Generally, one to four inches of slushy snow fell today, mainly on grassy areas.  There’s a little more snow to go this evening, before the storm pulls away and sets it eyes on eastern New England and the Canadian Maritimes.  Cold, windy air surges southward in its wake, setting up an uncomfortably blustery Wednesday in Washington.

Through Tonight: Where snow temporarily shut off late this afternoon, it may redevelop between 5 and 6 p.m. Then the entire complex of snow shifts east, ending by around 7 p.m. in our western suburbs, 8 p.m. in the immediate metro area, and 9 p.m. in our eastern suburbs.  There’s a chance – rather than merging – the band west of the region fizzles, and the eastern band misses us – so additional steady snow is not guaranteed. Any additional accumulation this evening, mainly on grassy areas, is probably 1″ or less. With the sun going down and temperatures falling, however, slick spots could develop – especially in our colder suburbs.
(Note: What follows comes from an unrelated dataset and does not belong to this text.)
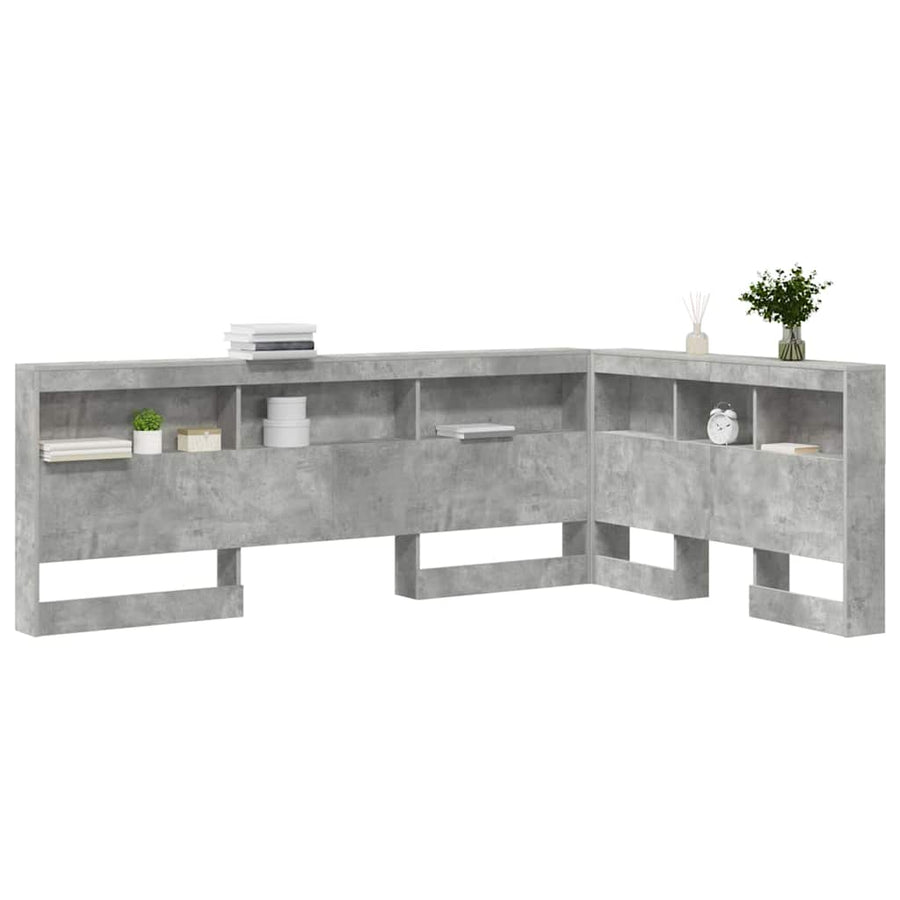 Opberghoofdbord met plank met hoofdeinde met opslag Betongrijs 120 cm Bewerkt hout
Lows range from the low-to-mid 20s in our colder suburbs to the upper 20s downtown. Late tonight, winds really start to crank out of the northwest, becoming sustained at 15-25 mph by morning, with gusts to 30-40 mph possible. Wind chills dip to the high single digits in our colder suburbs to the mid-teens downtown.

Tomorrow (Wednesday): Mostly sunny but windy and very cold; watch for possible slick spots when you get up and head out, but schools and government offices should open on time. Highs are only 35-40 and feel much colder factoring in winds from the northwest at 15-25 mph, gusting to 30-40 mph. That makes for wind chills in the teens and 20s much of the day.

See Matt Rogers’ forecast through the weekend. And if you haven’t already, join us on Facebook and follow us on Twitter . For related traffic news, check out Dr. Gridlock.

Snowfall and cold weather records set: Reagan National Airport received 1.7″ of snow today (through 5 p.m.), besting the previous record of 1.5″ from 1906. Dulles Airport also set a record with 3.8″, passing the old record of 3.2″ set last year (2013). Dulles Airport’s preliminary high for the date of 32 is the coldest maximum temperature (and high at 32 or below) so late in the season on record (dating back to 1963).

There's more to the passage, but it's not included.